EXERCISE DESCRIPTION: Pictures stay out. Extract the lines below from the first one through the line with "A blind transfer", both included.

RECORDED DATA:

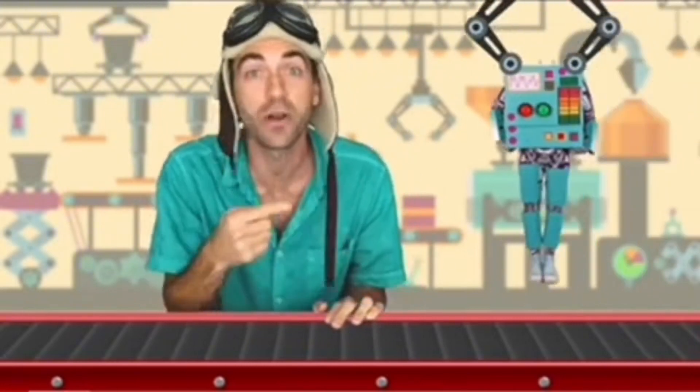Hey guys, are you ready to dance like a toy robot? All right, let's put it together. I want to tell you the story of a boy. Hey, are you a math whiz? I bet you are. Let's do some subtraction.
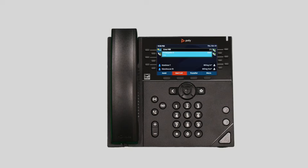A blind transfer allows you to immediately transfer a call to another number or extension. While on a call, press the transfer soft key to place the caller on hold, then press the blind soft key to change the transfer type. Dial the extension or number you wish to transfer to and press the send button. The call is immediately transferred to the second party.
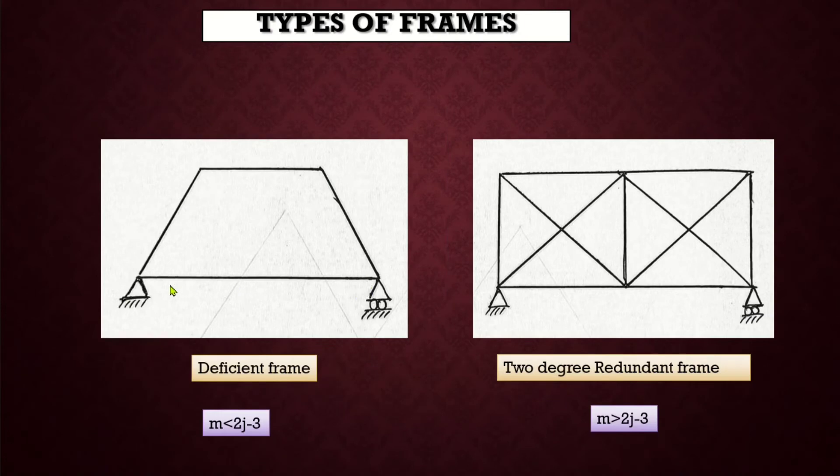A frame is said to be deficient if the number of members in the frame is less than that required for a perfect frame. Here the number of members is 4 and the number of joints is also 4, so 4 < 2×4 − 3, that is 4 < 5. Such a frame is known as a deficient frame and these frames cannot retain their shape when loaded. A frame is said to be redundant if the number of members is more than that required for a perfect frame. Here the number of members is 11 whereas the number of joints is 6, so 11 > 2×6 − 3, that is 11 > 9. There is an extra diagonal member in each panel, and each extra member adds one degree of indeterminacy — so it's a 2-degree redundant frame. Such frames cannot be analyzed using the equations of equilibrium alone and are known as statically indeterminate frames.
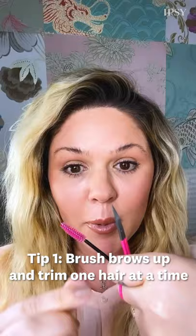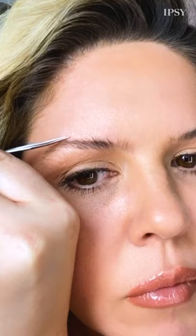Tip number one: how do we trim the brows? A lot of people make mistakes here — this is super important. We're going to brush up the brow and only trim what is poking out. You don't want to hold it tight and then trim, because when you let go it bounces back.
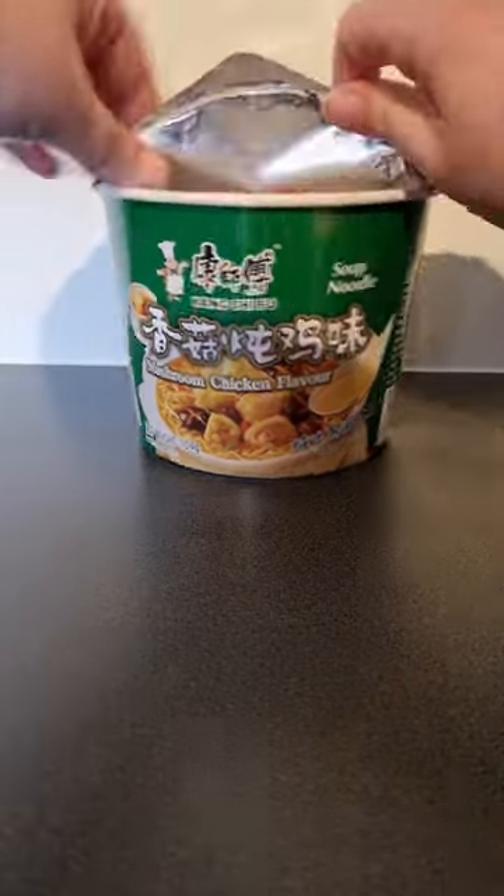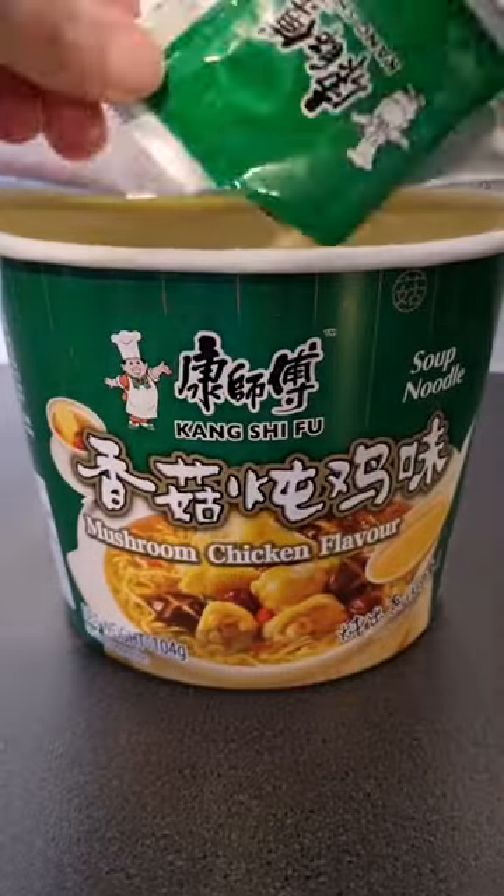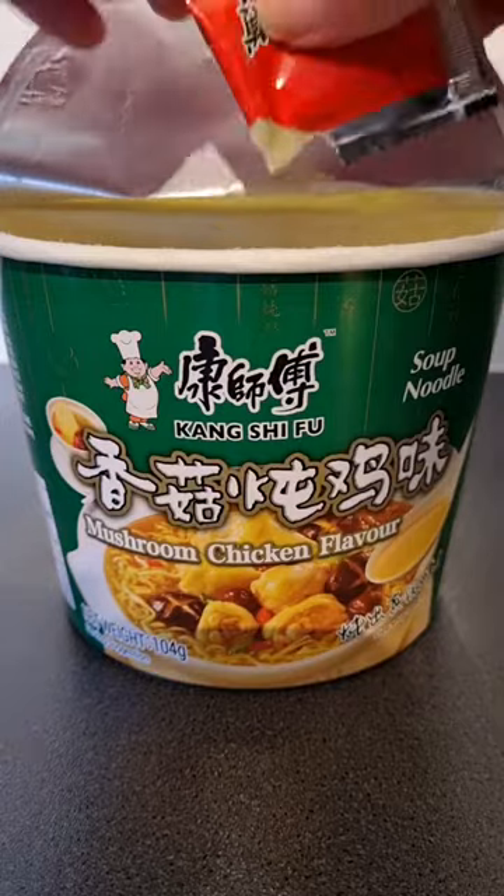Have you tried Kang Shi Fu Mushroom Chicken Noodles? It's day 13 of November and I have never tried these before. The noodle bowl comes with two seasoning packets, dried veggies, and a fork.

SOLUTION FOR THIS PROBLEM:
Hey guys, are you ready to dance like a toy robot? All right, let's put it together. I want to tell you the story of a boy. Hey, are you a math whiz? I bet you are. Let's do some subtraction.
A blind transfer allows you to immediately transfer a call to another number or extension. While on a call, press the transfer soft key to place the caller on hold, then press the blind soft key to change the transfer type. Dial the extension or number you wish to transfer to and press the send button. The call is immediately transferred to the second party.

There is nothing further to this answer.